Avec retard, les députés ont commencé ce 22 juin au matin l’examen en séance publique de la proposition de loi sénatoriale visant à assouplir la mise en œuvre du zéro artificialisation nette (ZAN). Ils ont jusqu’à demain soir pour s’accorder sur un texte fortement revu en commission, avec pour objectif une commission mixte paritaire conclusive d’ici la mi-juillet. L’introduction d’une "garantie rurale" et, plus encore, les modalités de décompte des "grands projets" concentreront les discussions. À l’approche des élections sénatoriales, le risque d’un rejet du texte paraît toutefois relativement circonscrit. Reste à en connaître le contenu exact.

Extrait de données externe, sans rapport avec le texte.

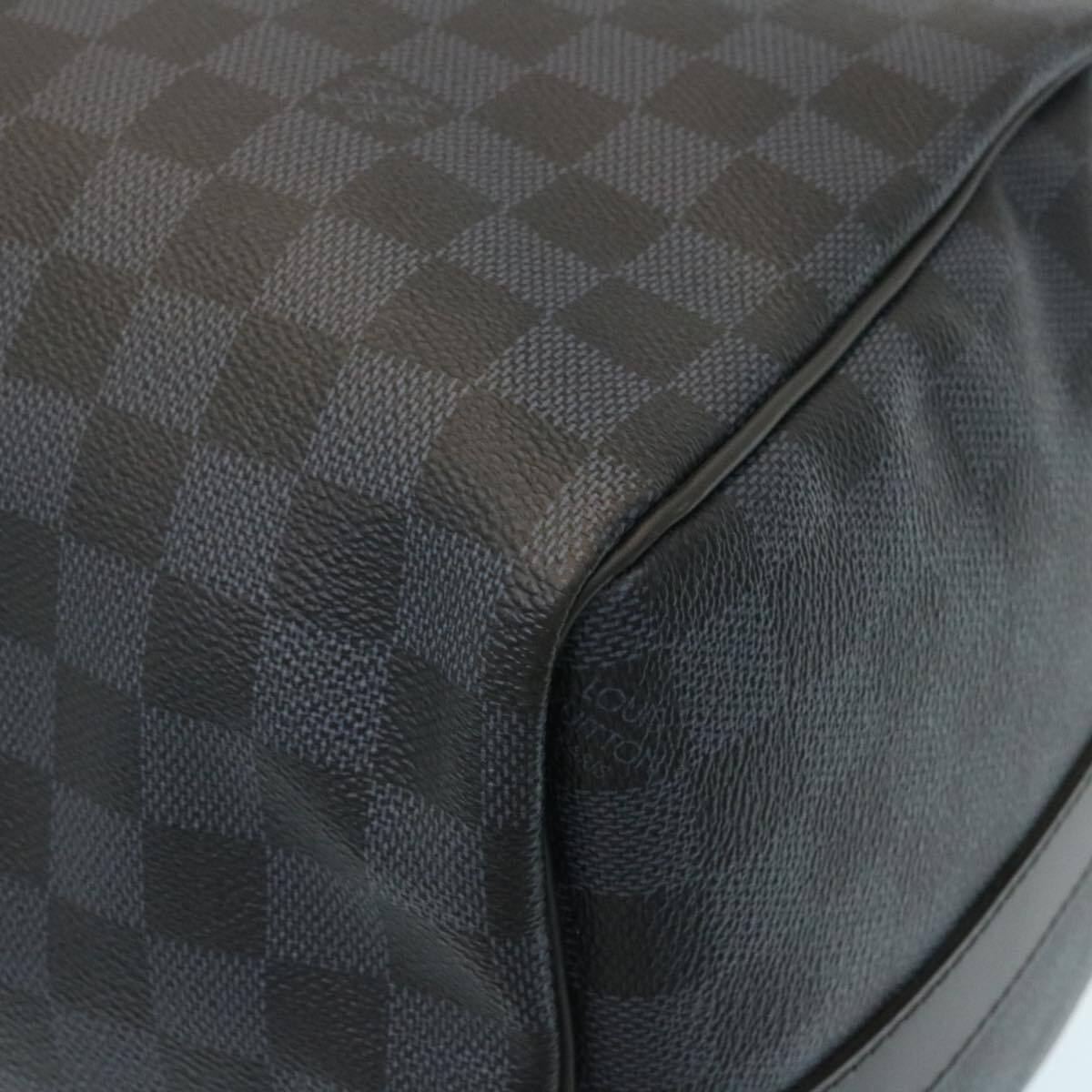 Louis Vuitton Keepall Bandouliere Damier Graphite Blue Canvas Travel Bag Bag (Pre-Owned)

C’est avec un jour de retard sur le calendrier que l'examen en séance publique de la proposition de loi "visant à faciliter la mise en œuvre des objectifs de zéro artificialisation nette au cœur des territoires" s’est ouvert ce 22 juin à l’Assemblée nationale. "L’objectif est de ne pas quitter l’Hémicycle sans accord", l’enjeu étant de parvenir "à une commission mixte paritaire (CMP) conclusive avant la mi-juillet", a d’emblée prévenu le ministre Christophe Béchu, ouvrant les débats sur le texte adopté à la mi-mars par les sénateurs en première lecture. Un calendrier serré, dicté par les élections sénatoriales de septembre. L’absence d’accord repousserait en effet "l’atterrissage d’un dispositif en octobre", a précisé le ministre à la presse. Or il y a urgence, le compteur de l’artificialisation tournant déjà à plein régime (voir notre article du 14 juin). Les députés n’auront que deux jours pour se prononcer sur les plus de 600 amendements déposés sur le texte, le vote solennel étant par ailleurs prévu mardi prochain.

Légiférer par décrets

Ces amendements portent sur un texte largement raboté. Pour tenir compte de ce "temps législatif très contraint", le gouvernement a en effet décidé de "diviser en deux parties" la version adoptée par le Sénat : "une qui va faire l’objet de décrets, l’autre qui va faire l’objet de discussions législatives" ces deux jours, expliquait mercredi le ministre à la presse. Lors de l’examen par les députés en commission (voir notre article du 19 juin), les articles ayant ainsi "vocation à être traités par décret" ont ainsi été supprimés. "Ce n’est pas un exercice de dessaisissement du Parlement, mais une forme de recherche d’efficacité", assure Christophe Béchu. En gage de sa bonne foi, le ministre argue que les projets de décret ont déjà été rendus publics (voir notre article du 15 juin). Mais il ajoute qu’ils ne seront pas publiés "si on n’arrive pas à une CMP qui permette d’aboutir à un texte global".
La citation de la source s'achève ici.